EPISODE 11 : Où Multimédia montre qu'elle est digne d'appartenir à l'Intelligentsia des Héroïnes de conte et où Gudule et le Séide arpentent les couloirs des GPM.

Le Masque de fer réfléchit intensément. « A vrai dire, d'un côté, ce serait bien que je retourne à Sainte Marguerite parce que je pourrai continuer à rédiger mes mémoires, mais d'un autre côté, j'ai pris goût à la course-poursuite et j'aimerais savoir comment tout ça va se terminer. » « Et merde ! » pensa Marsupilania dont le sourire avenant grimaçait quelque peu. « Si on pouvait mettre mon sac à l'abri, continua le Masque de fer, je viendrais volontiers avec vous. » « Pas de problème, fit le caribou magique. Je peux l'envoyer à Sainte Marguerite. Vous irez le récupérer dans le placard de la cuisine de la grotte pluricentenaire. » « C'est sûr ? » demanda le Penseur Masqué, méfiant quant au devenir immédiat de l'Oeuvre. Le caribou magique hocha vigoureusement la tâte. « D'accord », fit le Masque de fer avec un soupir de résignation. Le caribou magique prononça une vague formule et le sac disparut. « Voilà, dit-il, il est planqué à Sainte Marguerite, là où je vous ai dit. » Puis il libéra enfin Marsupilania et la Belle Monogramme.

La colère de la Princesse de conte de fée éclata. « Tiens ! Prends ça dans les bois, animal préhistorique ! » cria-t-elle en frappant le caribou de ses poings vengeurs. Elle se sentit attrapée par les cheveux et se retourna. « Touche pas à notre guide, monstruosité de la nature ! » gronda Myxomatose. « Attends, lapin putride ! J'en finis avec le canadien du grand nord et je m'occupe de toi ! » Cela aurait pu très mal se terminer s'il n'y avait eu, venant de l'intérieur de la basilique, le bruit d'une porte qui se referme. « Ils sont entrés par l'huis magique ! gémit le caribou. Trop tard, nous ne connaissons pas la formule. Nous ne pourrons pas les rejoindre dans l'antre des GPM ! » « Ca vaut peut-être mieux ainsi », avança Multimédia. « C'est ta faute, princesse lobotomisée ! lança Myxomatose. Si la chérie n'avait pas eu ses nerfs, on aurait eu le temps d'intervenir ! » « Tu vas voir si c'est ma faute, estropié du ciboulot ! » clama la Belle Monogramme en se jetant sur son ennemi. Le caribou magique s'interposa et reçut quelques coups qui ne lui étaient pas destinés. « Ca suffit ! hurla Marsupilania de toutes la force de ses cordes vocales. Houch ! Je vous déteste ! Vous m'horripilez ! Je vais même en piétiner ma boite de cigares ! » Et elle joignit le geste à la parole.

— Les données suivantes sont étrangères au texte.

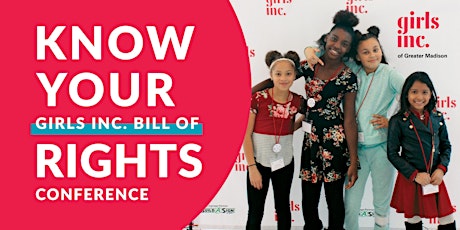 Know Your Rights: Girls Inc. Bill of Rights Conference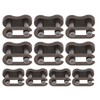 Watris Veiyi Chain Lock Bicycle Chain Lock Pack of 10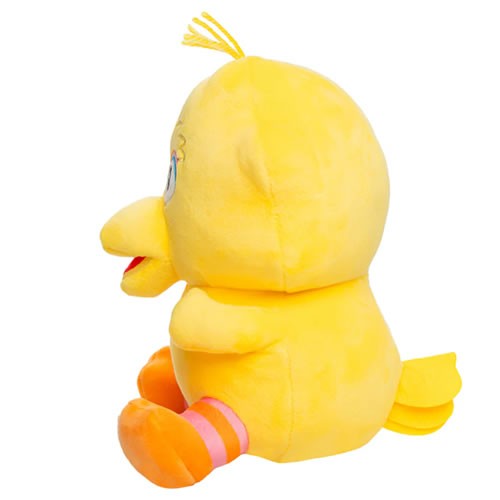 S7 Super Duper Plush - Sesame Street - W01 - Big Bird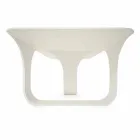 Moderne designtafel geproduceerd in Italië, Mirabello Viadurini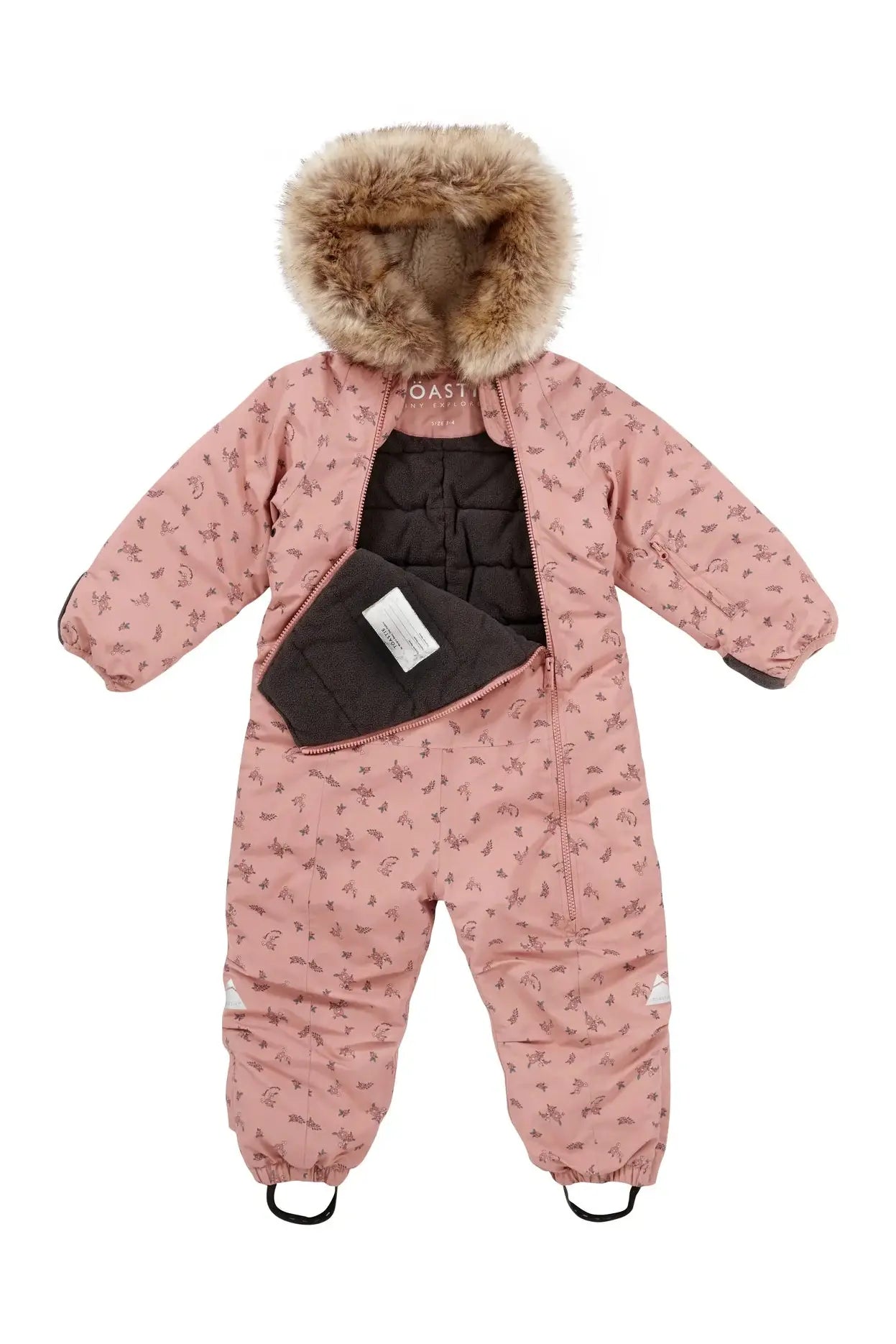 Toastie Padded Winter Suit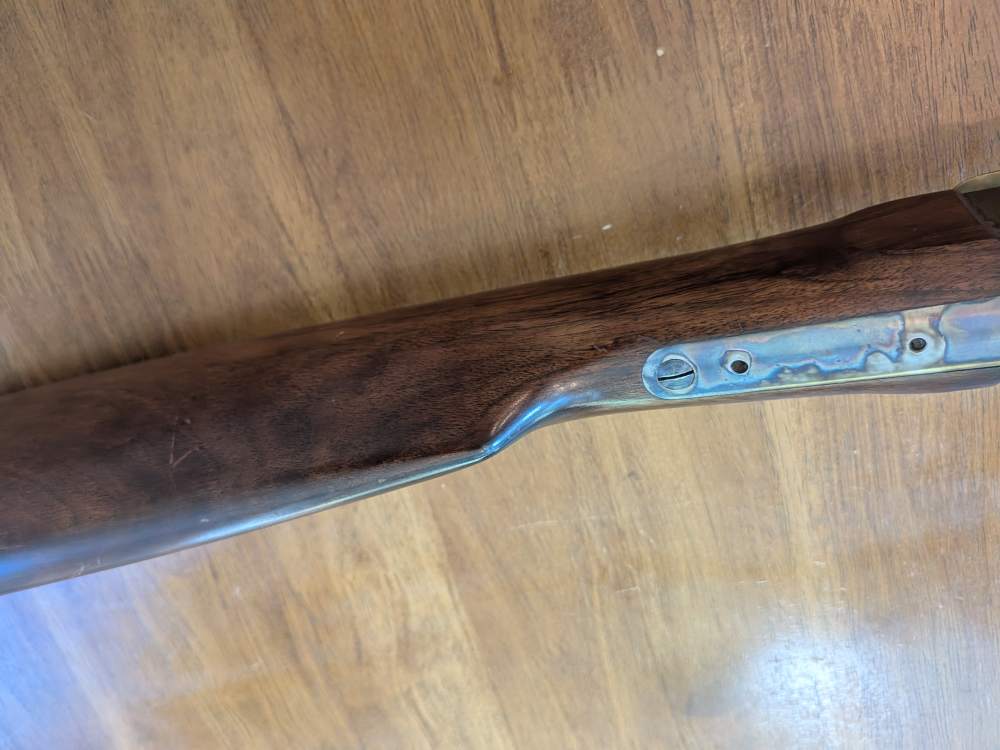 Pedersoli Rolling Block .45-70 – Case Colored – Heavy Octagon Barrel-img-52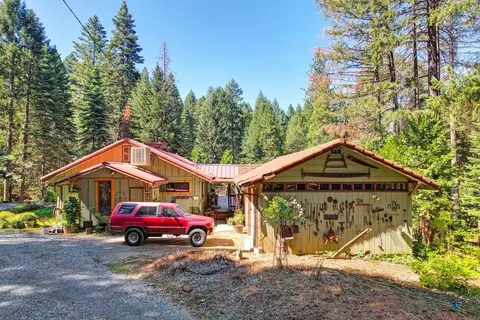 Exterior - 4940 Star Ln, Georgetown, CA 95634 photo 5 of 28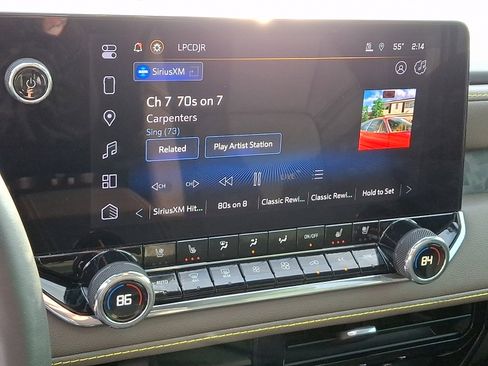 Used 2025 Chevrolet Colorado ZR2 w/ ZR2 Bison Edition image 18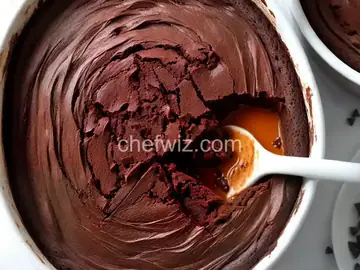 Fudgy Chocolate-Spinach Brownies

Cette explosion calma tout le monde. Pendant qu'on la regardait s'acharner sur sa malheureuse boite, Multimédia se lamentait. « Comment l'auteur va achever le conte, à présent ? On va se retrouver coincés à Marseille ! » « Mais non, mais non, fit le caribou magique. Il va bien avoir une idée, ne t'inquiète pas. Attendons simplement quelques instants. »

Attente. Réflexion. Puis, hurlement de Multimédia. « J'ai la solution au problème ! cria-t-elle. C'est moi qu'il a choisie pour débloquer la situation ! Quel honneur, les enfants, je n'en reviens pas ! J'espère être à la hauteur. » (L'auteur à Multimédia : étant donné que ton rôle se borne à dire ce que je vais écrire, tu as peu de chances de te planter, à moi d'être une gourde indécrottable et j'ai décidé que tu ne le serais pas.) « Alors ? demanda La Belle Monogramme, palpitante de curiosité. Ca vient, oui, la révélation ? »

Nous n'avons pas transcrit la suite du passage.